1. Some people will not like your story and there’s nothing you can do about it. Once your book is published and you giveaway or sell a bunch of copies, you will eventually receive a negative review and it will hurt your feelings. It never ceases to amaze me how people can be so cruel with reviews, but once you become an author, it’s a fact of life. The important thing is to have confidence in your well-edited, well-vetted piece of work.
2. After you publish your book, if you receive a consistent complaint, seriously consider a revision. I received multiple negative comments about “the way” my story ended, so one year after publication, I extended and enhanced the ending to my memoir. It was one of the best decisions I ever made. My reviews are consistently better after this addition and I rarely receive a bad review about the ending to my book.
3. Once you become an author, you will have good days and bad days. This point is closely aligned with number 1 and 2 above. I had a great day yesterday— I sold several books and I received a five-star review. Earlier in the week, I felt sad when sales were slow and a reader came in and trashed my story. On days like this, I shrug my shoulders and find a distraction, such as a long walk.
4. Selling books will be an uphill battle. Once you publish your book, the dreaded question of “How many books have you sold” will come up again and again.
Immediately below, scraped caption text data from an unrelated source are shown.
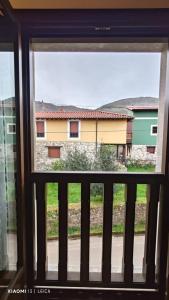 una vista di un edificio da una finestra di La Ayalguina, Selnatur a Mestas de Con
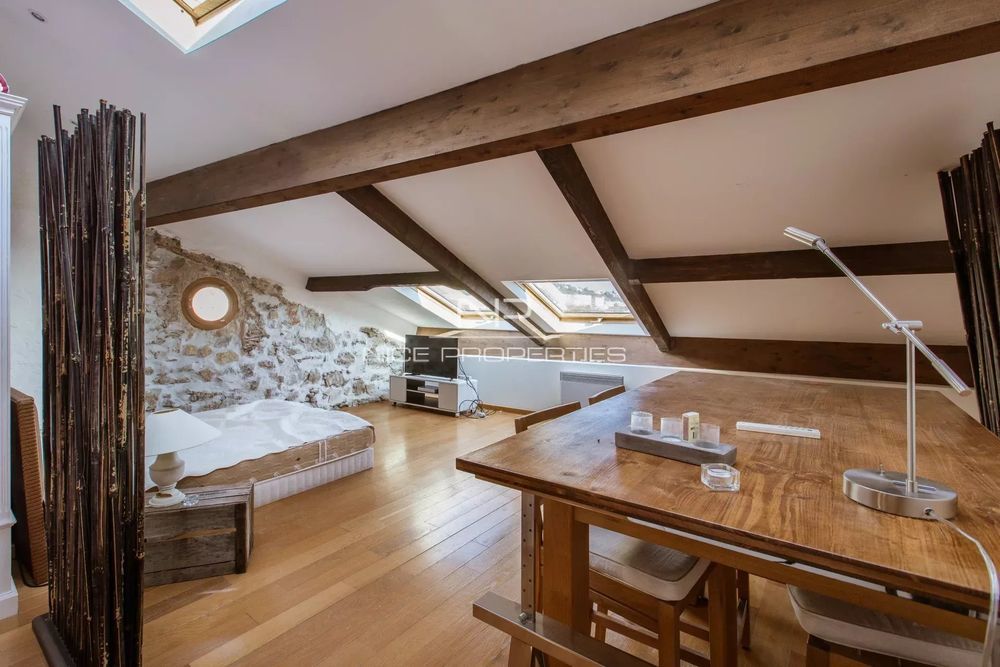 � vendre  Appartement Villefranche-sur-Mer (06230)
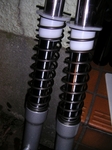 SuspensionFrontOverhaul@12682km20120222-175633.JPG
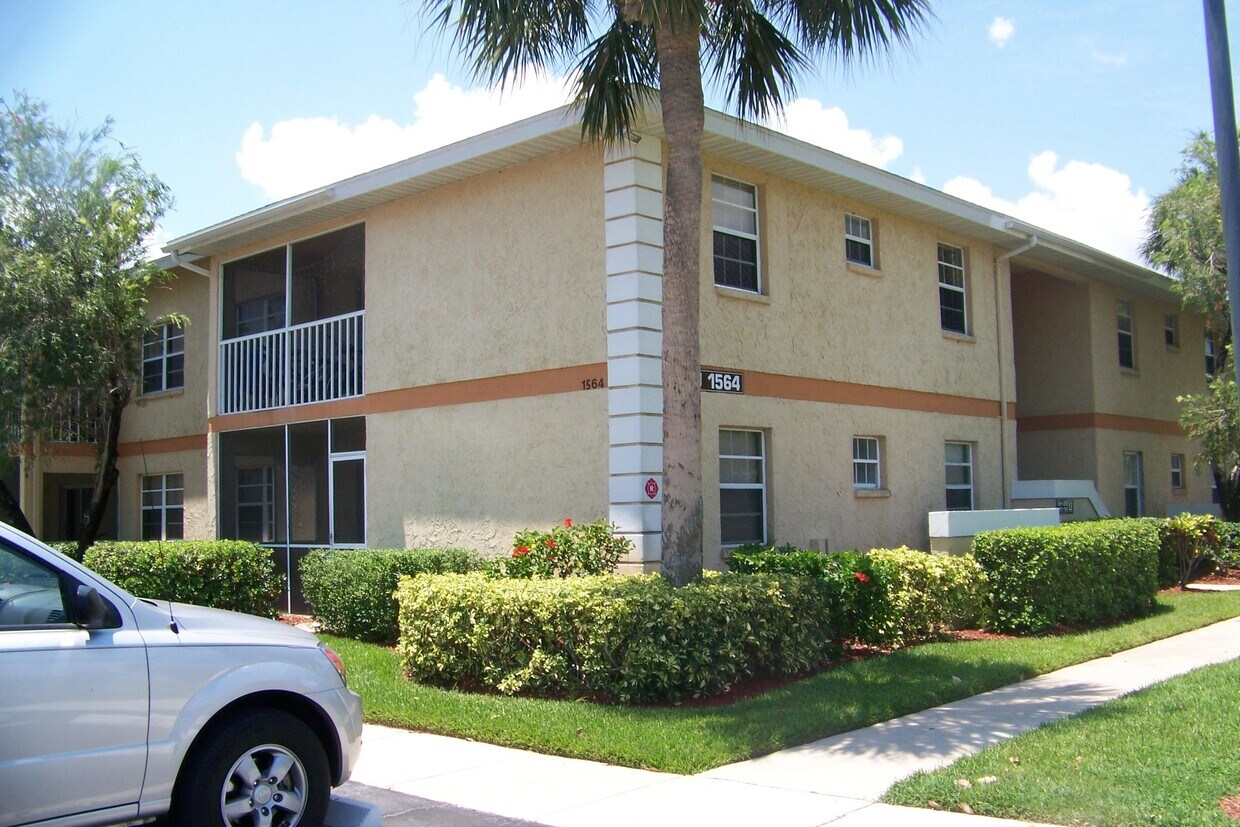 Foto principal - 1564 SE Royal Green Cir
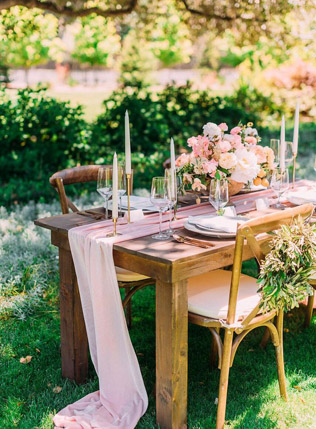 бархат в декоре свадьбы, бархатный раннер на стол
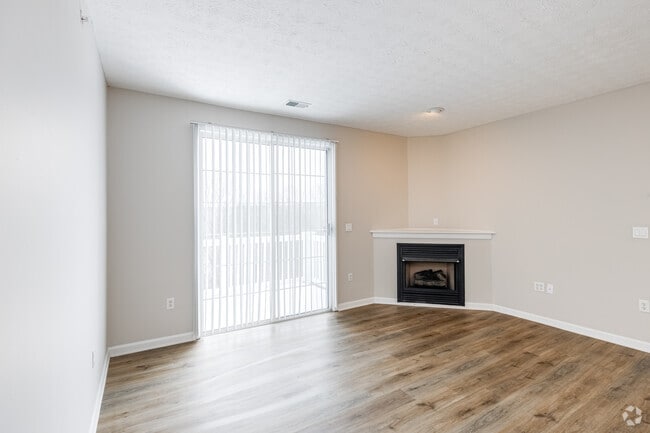 2BR, 2BA - 1,007SF - Living Room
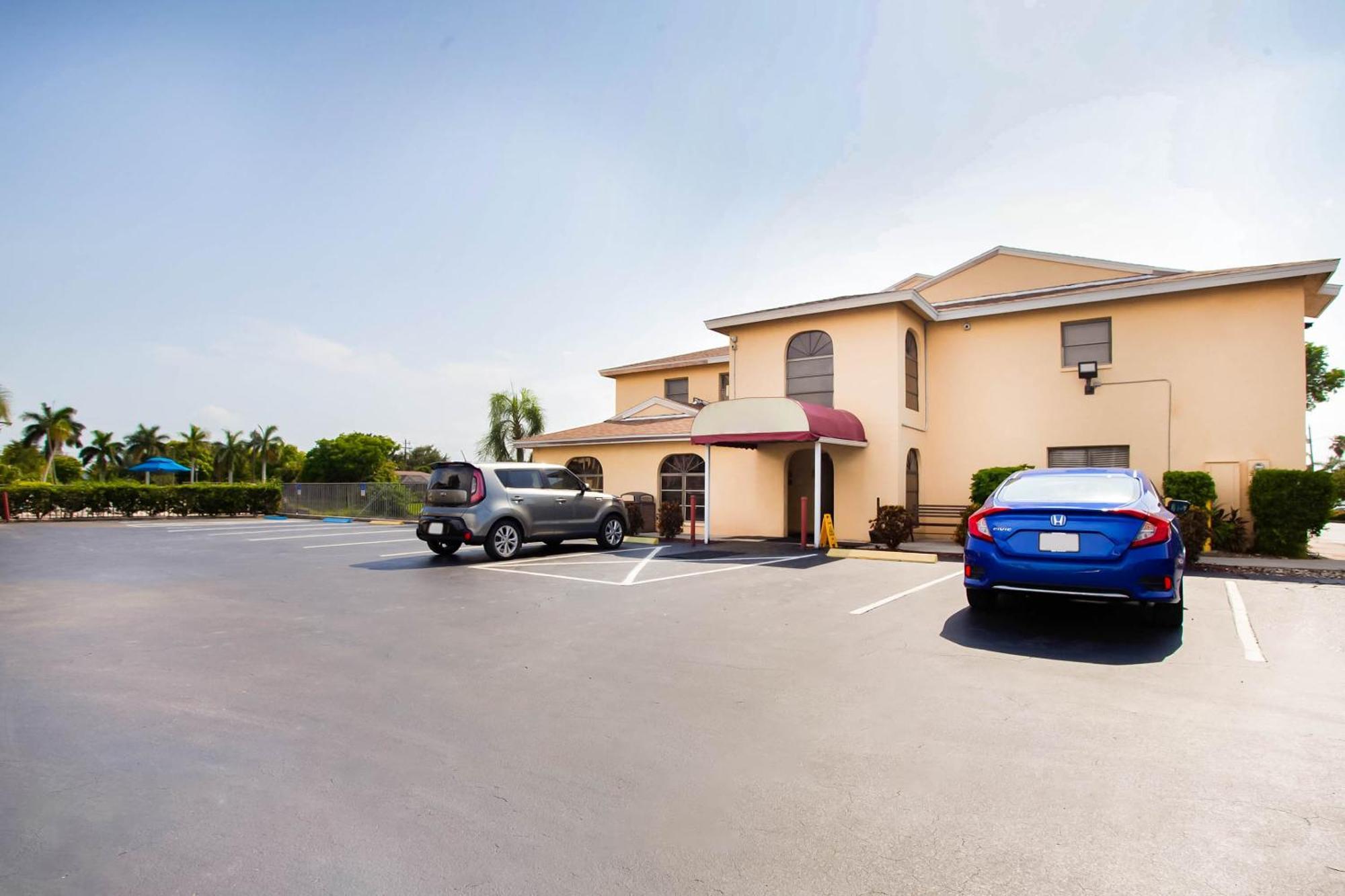 Oyo Waterfront Hotel- Cape Coral Fort Myers, Fl Exterior photo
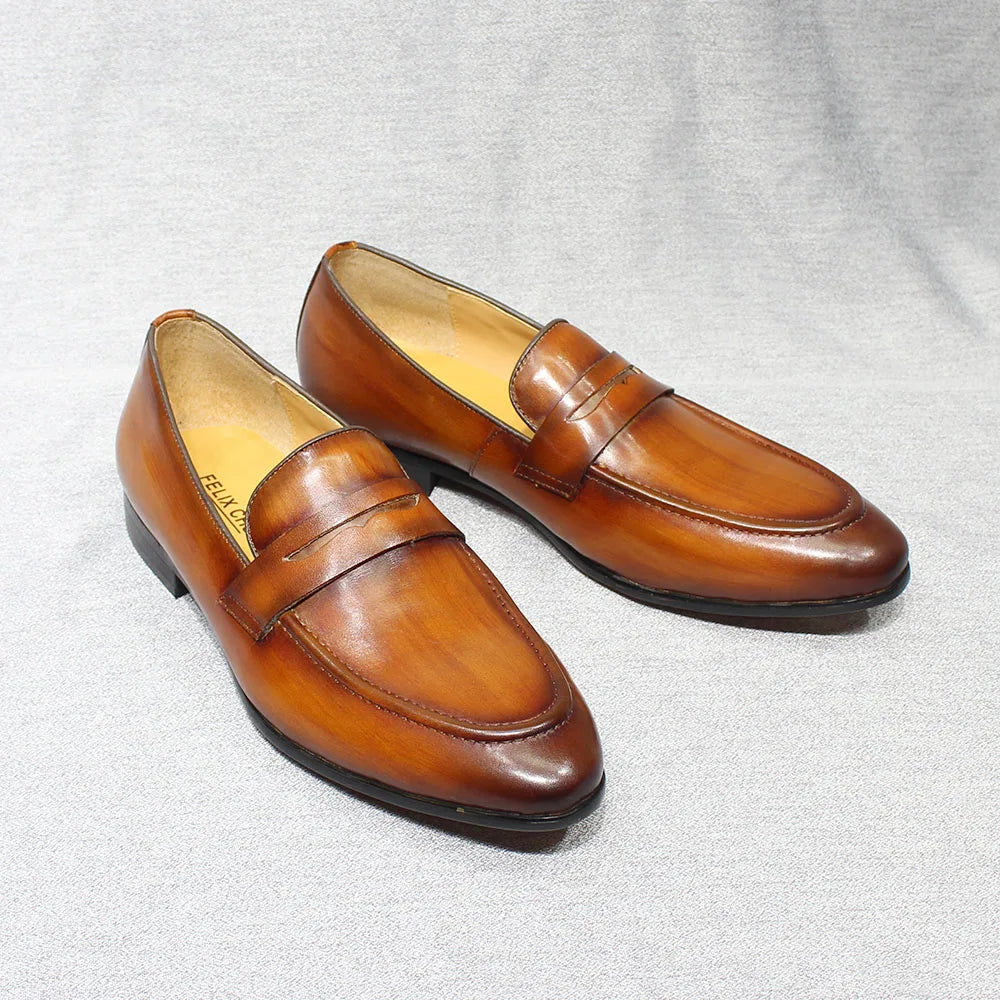 Mocasín penny hombre de piel patinada a mano marrón oscuro, detalle de la costura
Fortunately, my number is above average, but (sigh)…I’m still not satisfied. Each day I send out a tweet, post to my Facebook Fanpage or head over to the Francophiles Group at Goodreads hoping to gain more traction. Oh, and don’t get me started with the promotions I set up throughout the year. Someday, when someone asks me about book sales, I just want to be able to say “they’re okay,” and mean it. Time will tell with this one.
Well…there you have it. What about other authors out there. What lessons have you learned?